Гамлет подобен ученому в своем стремлении знать истину любой ценой, даже ценой жизни. Он признается уже в первый момент появления на сцене, что его не обманывает внешность вещей: «Кажется, госпожа? Нет, — есть; я не знаю "кажется"» («Seems, madam? Nay, it is; I know not seems», H., I, 2, 76). И далее поясняет, что он прекрасно умеет отличить истинную скорбь от притворной. Реплика Гамлета «Нет, — есть» отдаленно напоминает об одном рассуждении Монтеня о возможностях человеческого разума познать суть вещей. Снег кажется белым, пишет Монтень, но можно ли сказать, что существо снега в его белизне? Дают ли наши чувства возможность по внешним свойствам вещей познать их истинную сущность? «Или они принимают то, что кажется, за то, что есть, ибо им не хватает истинного знания, что есть то, что есть» («...taking what appeareth for what is for want of truly knowing what is that is», E., II, 12, 310).
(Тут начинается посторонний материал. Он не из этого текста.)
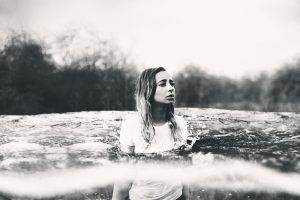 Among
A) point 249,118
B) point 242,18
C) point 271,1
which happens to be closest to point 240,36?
point 242,18

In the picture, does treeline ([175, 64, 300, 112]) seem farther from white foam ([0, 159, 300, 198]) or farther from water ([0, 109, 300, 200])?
white foam ([0, 159, 300, 198])

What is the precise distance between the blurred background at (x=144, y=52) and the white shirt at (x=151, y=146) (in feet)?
0.54

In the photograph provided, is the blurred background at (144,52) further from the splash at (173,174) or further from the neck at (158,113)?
the splash at (173,174)

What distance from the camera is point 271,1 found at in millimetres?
2207

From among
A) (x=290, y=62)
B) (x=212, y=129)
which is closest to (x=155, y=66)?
(x=212, y=129)

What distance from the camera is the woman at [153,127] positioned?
6.38 ft

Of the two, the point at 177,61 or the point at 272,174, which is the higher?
the point at 177,61

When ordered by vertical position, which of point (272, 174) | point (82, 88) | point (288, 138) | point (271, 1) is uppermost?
point (271, 1)

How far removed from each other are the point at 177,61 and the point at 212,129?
0.39 metres

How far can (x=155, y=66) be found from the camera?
7.12 feet

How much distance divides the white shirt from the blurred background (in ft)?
0.54

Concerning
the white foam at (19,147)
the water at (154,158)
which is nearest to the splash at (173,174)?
the water at (154,158)

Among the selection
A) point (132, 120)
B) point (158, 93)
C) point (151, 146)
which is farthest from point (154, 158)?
point (158, 93)

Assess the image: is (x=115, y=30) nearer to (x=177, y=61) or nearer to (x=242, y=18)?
(x=177, y=61)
Означает ли это словесное сходство в реплике Гамлета сознательное намерение Шекспира напомнить зрителям, читающим Монтеня, о весьма трудном для понимания рассуждении или это всего лишь бессознательный отклик, сказать невозможно. Однако вполне вероятно, что Шекспир обратил внимание на одно из наиболее глубоких материалистических рассуждений философа. Приведенная выше фраза предшествует другой, гораздо более значительной. Монтень поясняет, о каком противоречии между внешностью и сущностью идет речь и в чем состоит истинное знание: «Но все-таки что же, действительно, то, что есть? То, что вечно, то, что никогда не рождалось и никогда не будет иметь конца и в чем никакое время не может произвести внешних и внутренних изменений» (Там же). Монтень признает здесь, что мир вечен, что он един в своей сущности, хотя многоразличен в проявлениях.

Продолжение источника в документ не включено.